Not surprisingly, Marchand agrees with Neely’s get-to-the-net assessment.
“It’s a habit, and mentality, and to create that or implement it into your game, it takes time, it takes a lot of effort,” he said. “It starts in practice, something you have to incorporate in every drill, get in there, stopping, and if there’s any loose pucks, putting them in, just something you have to continually work on.”
Today’s goaltenders are too skilled, noted Marchand, for anyone to believe goals are going to be scored consistently from long range. Just as bank robbers target banks to apply their particular set of skills, goal scorers make the most of their deposits when they’re close to the goalie.
“Goalies are too good now,” he mused. “Teams are too good at coming back, and too fast.
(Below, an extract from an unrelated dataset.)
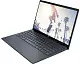 Laptop HP Pavilion 14 14-ek2007ci (14.0"/FHD/Core 3 100U/8GB/512GB/Intel Graphics), albastru pe tehnoparc.md Laptop HP Pavilion 14 14-ek2007ci (14.0"/FHD/Core 3 100U/8GB/512GB/Intel Graphics), albastru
So you do have to get there and get ugly goals.”
As the league restarts from its holiday break Tuesday night, the Bruins rank 28th in total goals (70) and 23rd in goals per game (2.69). The Marchand-Patrice Bergeron-David Pastrnak combo still ranks among the game’s premier trios with 29 of those 70 goals.
There’s more punch needed across the other lines, as well as from the blue liners, who’ve chipped in with 15 goals.
Until it sinks in across the lineup, Cassidy and his coaching crew will keep preaching the message.
“We’ve got to meet halfway,” said Cassidy, noting the need for some players to leave their comfort zone and play more to the coaching staff’s view of things. “Again, we’re trying to build more practice drills that involve that — especially this week when we’re not playing a lot and there’s not a lot of stress. You have more time to recover from battle drills.”
Drills and physical technique are the building blocks to dirty goals, but they’re just a load of bricks. The mind-set is the essential mortar.
“I truly believe it’s more a mind-set that has to be built into the individual, and into the group,” offered Cassidy. “Then they’ve got to want to do it. That’s where we are right now with that. I think getting a few more second chances around the net will obviously lead to more goals.”